Yes my friends it's that time again. I'm looking to rent someone's diamond bits to drill a hole or two on my new setup. I live in scarborough so something close would be nice. I can pay in cookies, cupcakes, beer, wine, or hugs. I can throw you some cash also


----------



## tom g (Jul 8, 2009)

*hole saw*

hey man what size dou need ..........


----------



## altcharacter (Jan 10, 2011)

Ok so I need a 1 3/4" bit if anyone has one I could use for a few hours.


----------



## J_T (Mar 25, 2011)

altcharacter said:


> Ok so I need a 1 3/4" bit if anyone has one I could use for a few hours.


Mops.ca

Posted with my Xperia, using Tapatalk 2


----------



## altcharacter (Jan 10, 2011)

it's 25 with shipping and I really don't feel like paying that much for one hole (throw a joke in there)

Might check out a few hardware stores tomorrow and see what's going on.


----------



## J_T (Mar 25, 2011)

altcharacter said:


> it's 25 with shipping and I really don't feel like paying that much for one hole (throw a joke in there)
> 
> Might check out a few hardware stores tomorrow and see what's going on.


Gas, time, cost... $25 is good in my books  lol

What sized bulk head is this for again. I might know someone that might have one. But, I think it was a 1.5" bulkhead bit.

Posted with my Xperia, using Tapatalk 2


----------



## altcharacter (Jan 10, 2011)

Going with a 1" bulkhead, which is 1 3/4 hole size since that's what is in my 20g and i'm going with the same return pump.
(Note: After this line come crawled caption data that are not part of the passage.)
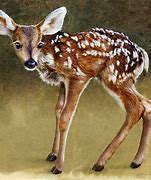 Image result for New Born Deer Legs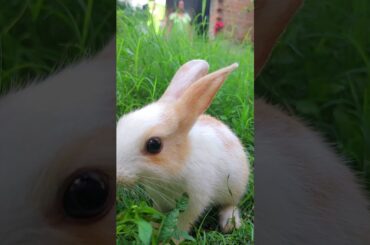 Cute Bunny Rabbit Playing #Shorts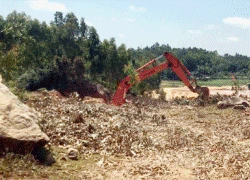 Băm nát đồi núi lấy đất trái phép ở Quảng Ngãi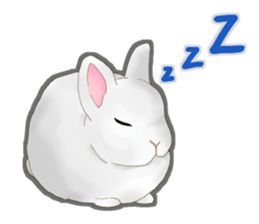 Real Rabbit [English] sticker #7388698
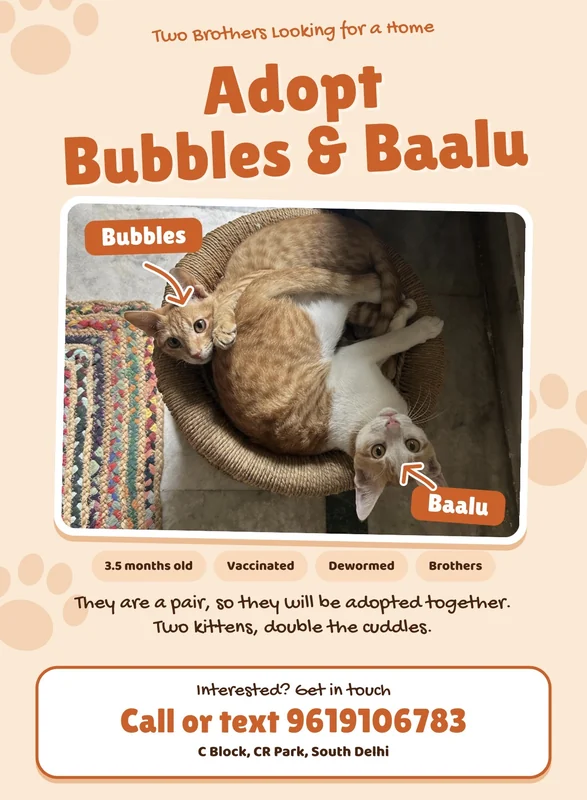 Photo of Baalu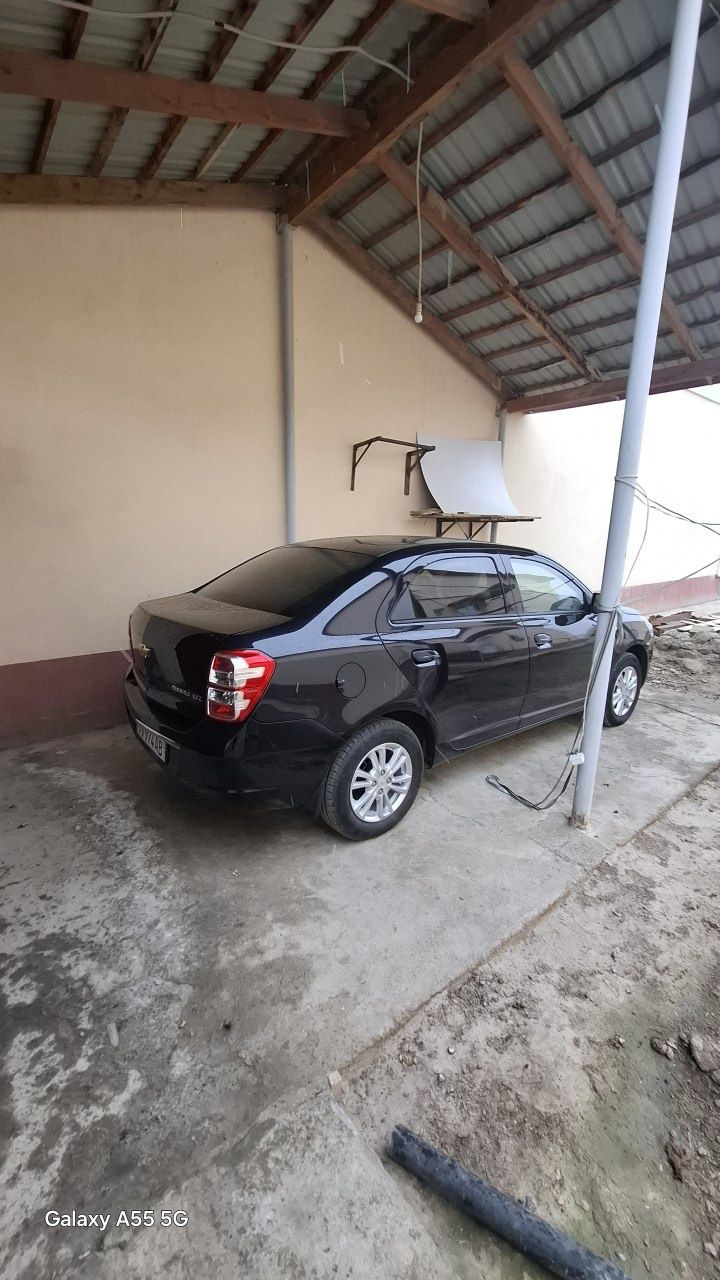 COBALT LTZ Darkmon Blue 2024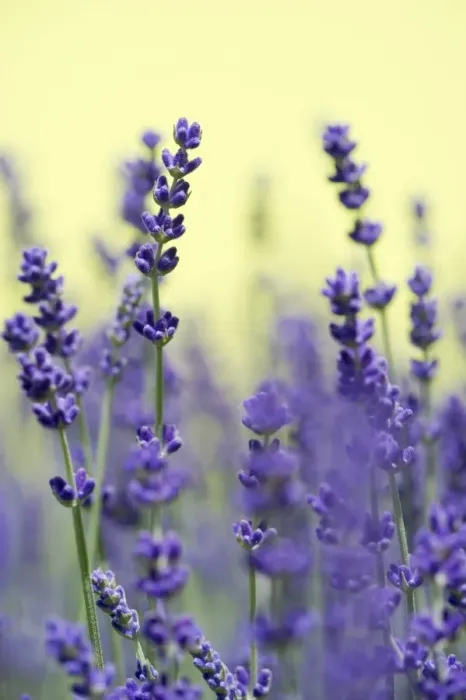 Framed Print : Lavender -Lavandula angustifolia, Syn. Lavandula officinalis, Lavandula vera- Framed Print : Lavender -Lavandula angustifolia, Syn. Lavandula officinalis, Lavandula vera-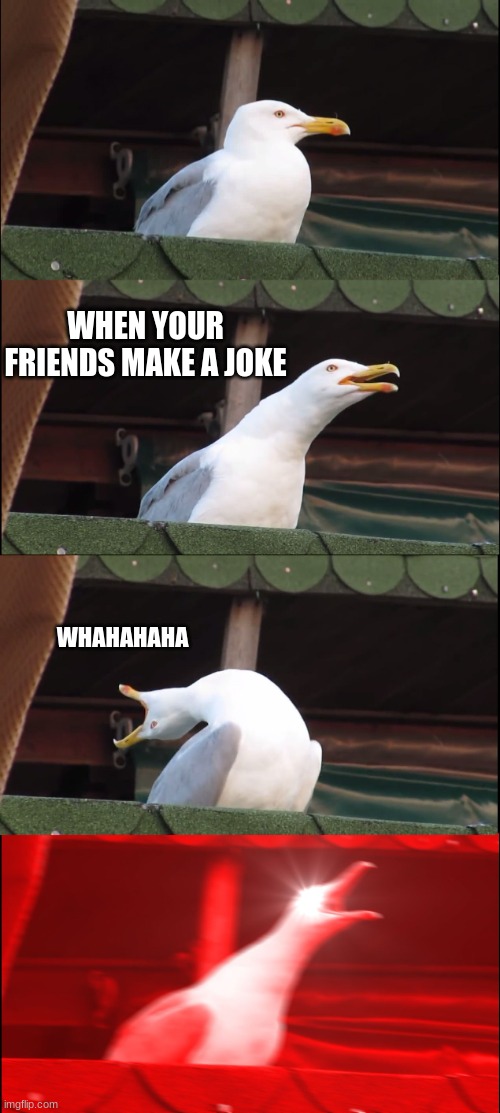 meme | WHEN YOUR FRIENDS MAKE A JOKE; WHAHAHAHA | image tagged in memes,inhaling seagull | made w/ Imgflip meme maker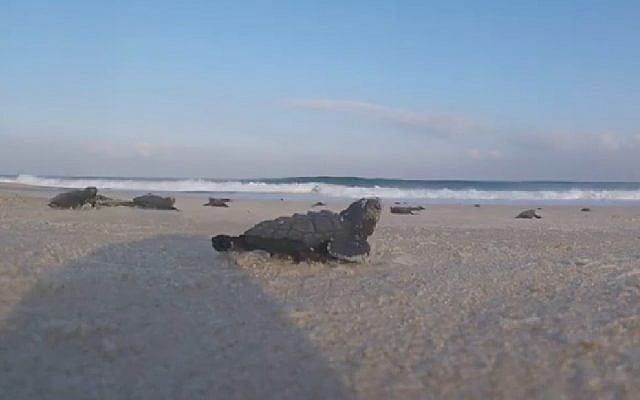 Dozens of newly hatched loggerhead turtles dash over Nitzanim beach to the sea on August 20, 2018. (Screen capture: Israel Nature and Parks Authority)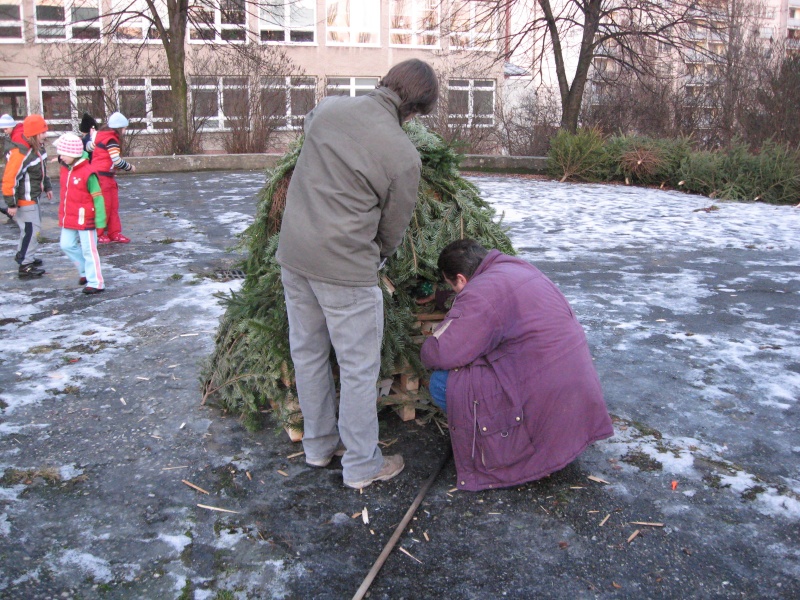 2525588820080110175905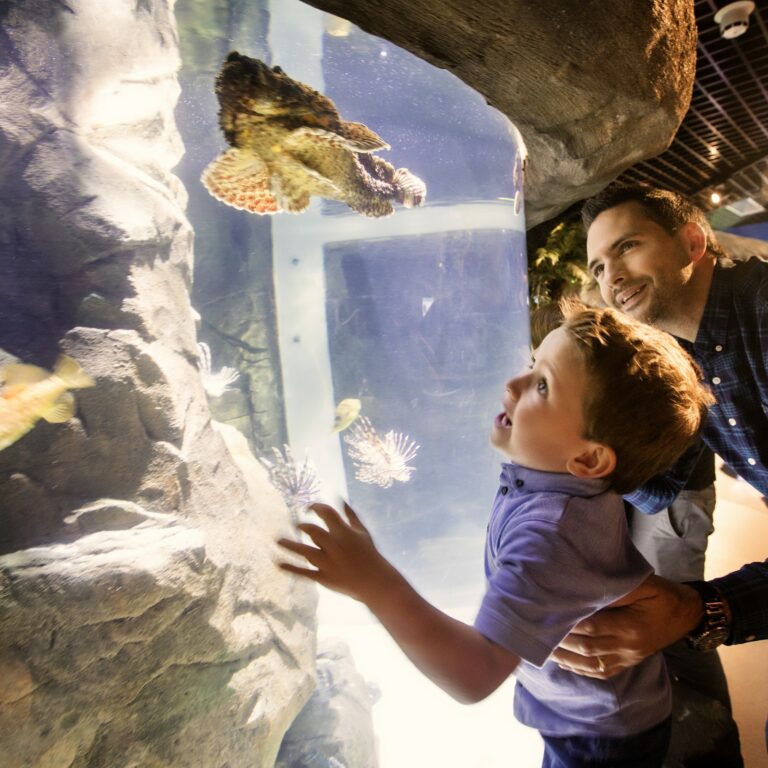 Exploris Aquarium in United Kingdom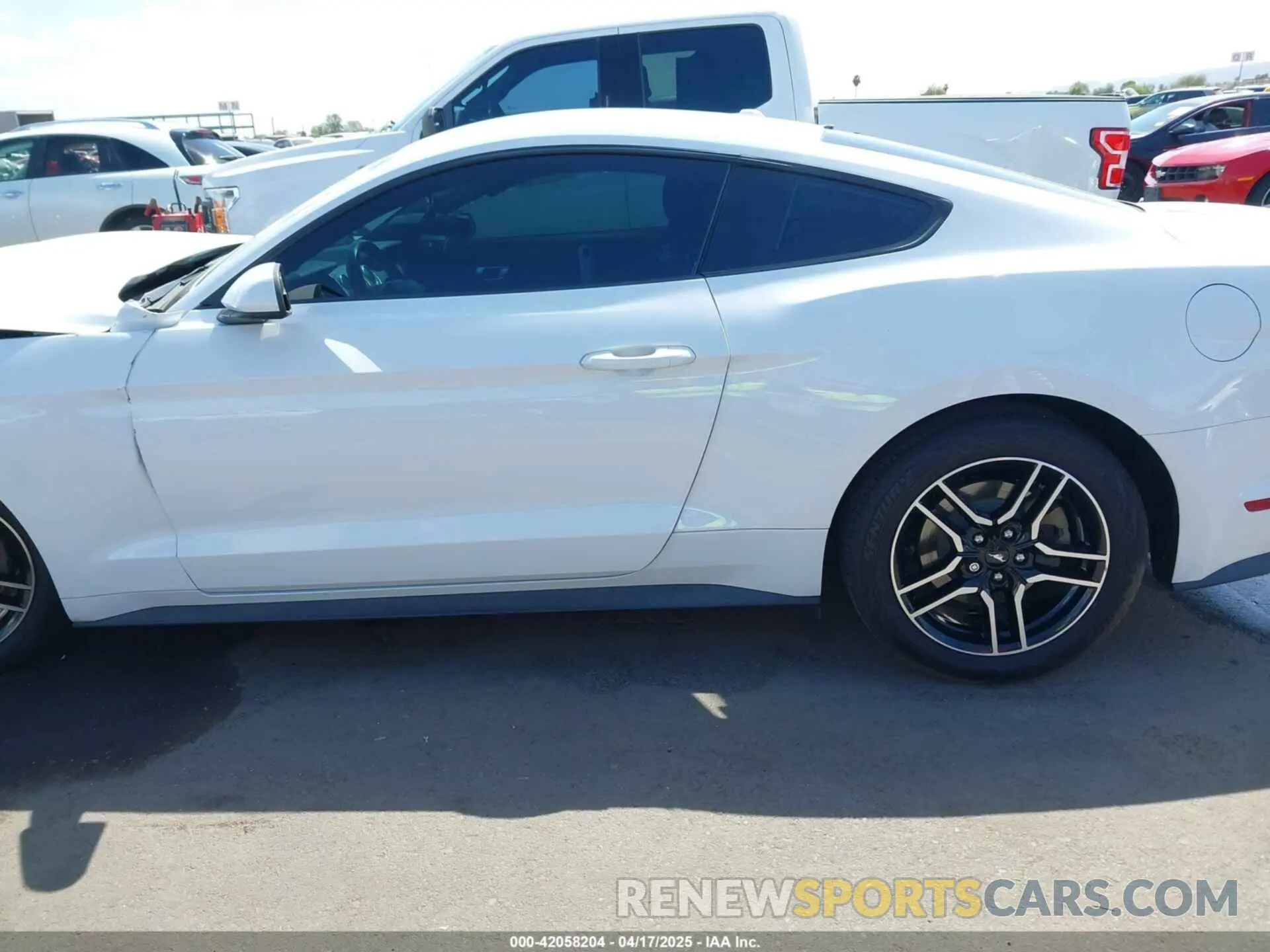 13 Фотография поврежденного автомобиля 1FA6P8TH3K5120831 FORD MUSTANG 2019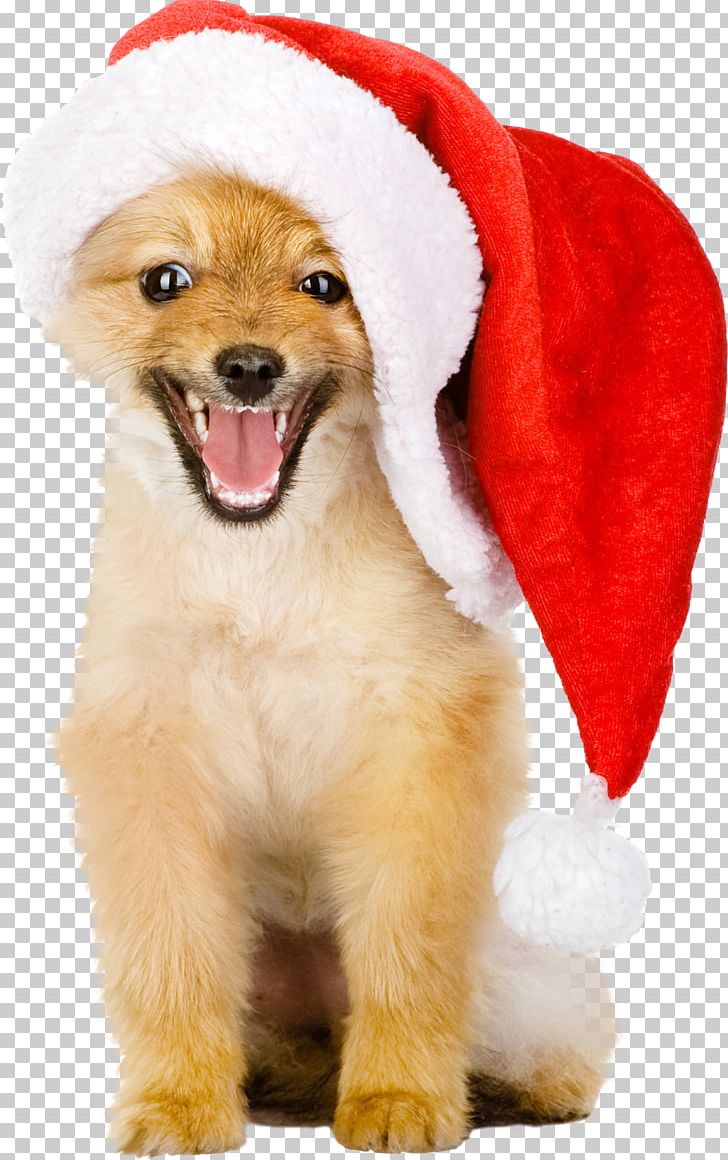 Golden Retriever Puppy Christmas Hat PNG, Clipart, Animal, Animals, Carnivoran, Christmas, Companion Dog Free PNG Download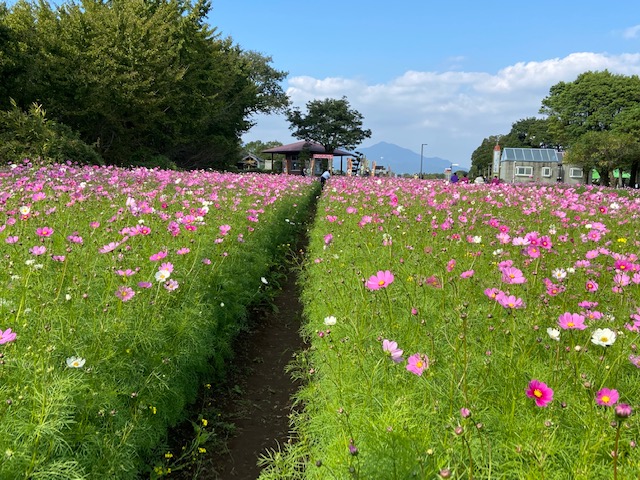 コスモスの迷路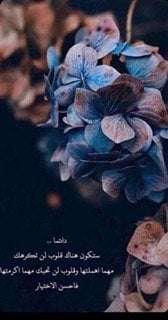 طلعت الرويس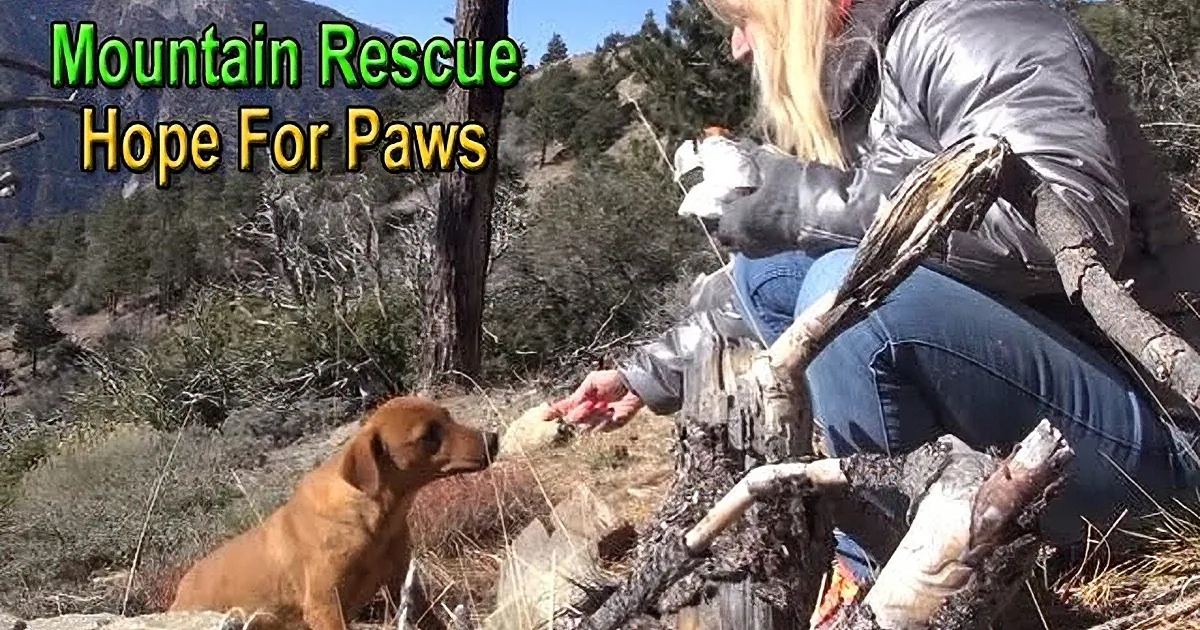 A person feeds a small brown dog in a mountainous area with trees and rocks.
You are right though about the money aspect of Mops. I totally love the company but i'm also looking to drill the hole within the next day or so and I really don't feel like driving out to hamilton or waiting for another few days 

I'm going to try my luck with a few stores around town and call them to see if they have it.


----------



## 50seven (Feb 14, 2010)

LMK. You can always borrow mine.


----------



## Nel5 (Apr 15, 2012)

Hey

I do not know if you have found the hole saw but you can borrow the one I have that is sitting in the basement. I am in Scarborough.


----------



## Chromey (Sep 25, 2010)

If i meet up with you this week... Thursday.... I might be able to bring you 1.

Ill look for it.


----------



## altcharacter (Jan 10, 2011)

Sorry guys I forgot to close this thread. I bought one at Princess auto for $12. Thanks!!


----------